Prawdą jest to, że faktycznie padł pomysł budowy pomnika Lecha Kaczyńskiego. Padł on już ponad pół roku temu. W lipcu 2016 roku zawiązał się społeczny komitet do sprawy budowy pomnika. I faktem jest w tym przypadku, że w większości w komitecie tym znaleźli się działacze oraz politycy Prawa i Sprawiedliwości. Na jego czele stanął minister rolnictwa Krzysztof Jurgiel, zaś zastępcami są senator Jan Dobrzyński i poseł Dariusz Piontkowski.
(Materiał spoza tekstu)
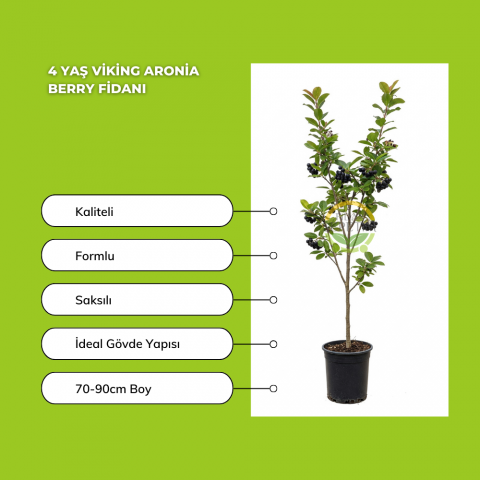 4 Yaş Viking Aronia Berry Fidanı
To jednak nie wszyscy. W komitecie znalazły się różne osoby, nie związane z partią polityczną. To urzędnicy, prawnicy, działacze społeczni, nauczyciele i inni. Dołączyli do komitetu, ponieważ uważają, że pomnik Lecha Kaczyńskiego w Białymstoku powinien stanąć. Twierdzą, że zmarły Prezydent Rzeczypospolitej Polskiej, to patriota, który całym swym życiem i służbą Ojczyźnie udowodnił, że dobro Polski było dla niego najwyższą wartością. Ale sama chęć budowy pomnika, to jedno, zaś możliwości jego budowy, to coś zupełnie innego. Na najbliższej sesji Rady Miasta ma być przegłosowana lokalizacja. Radni w głosowaniu wskażą potencjalne miejsce na pomnik i na tym skończy się ich rola.
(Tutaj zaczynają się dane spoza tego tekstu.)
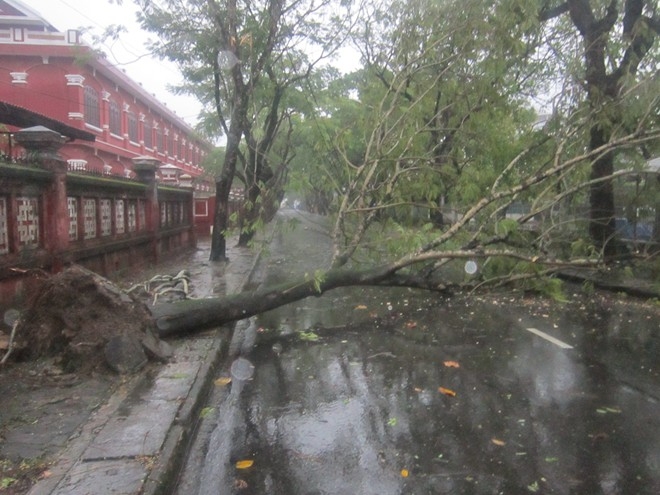 nari, storm, central vietnam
Jak dotąd mowa jest wyłącznie o jednym miejscu, to plac Romana Dmowskiego pod kościołem św. Rocha. Z tym, że wskazanie lokalizacji nie znaczy jeszcze zgody na budowę pomnika. Ma on być zbudowany ze składek społecznych i tu tkwi największy problem. Nie wiadomo czy uda się zebrać pieniądze. O tę samą lokalizację walczyli różni działacze środowisk narodowych, bo chcieli uhonorować pomnikiem Romana Dmowskiego. I choć zbiórka trwa od kilku lat, pieniędzy w odpowiedniej ilości wciąż nie udało się zebrać.
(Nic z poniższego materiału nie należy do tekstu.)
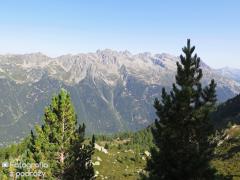 IMG_8827.jpg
- Razem zbudujemy ten pomnik. Będziemy prowadzili publiczną zbiórkę środków na ten cel, będziemy propagowali wartości i sprawy, którym Lech Kaczyński poświęcił swoje życie. To honor i wyróżnienie dla nas być wśród inicjatorów godnego upamiętnienia Śp. Pana Prezydenta Lecha Kaczyńskiego – mówił jeszcze w lipcu ubiegłego roku minister Jurgiel.

Z naszych informacji wynika, że pieniędzy jeszcze wciąż nie zebrano, ale zbiórka trwa nieustannie. I choć białostoczanie są podzieleni, a wręcz sceptycznie nastawieni do tego pomysłu, to trzeba wiedzieć, że nie pomnik nie powstanie z publicznych pieniędzy. A taką właśnie dezinformację szerzą już w sieci pewne środowiska mocno nieprzychylne całemu przedsięwzięciu.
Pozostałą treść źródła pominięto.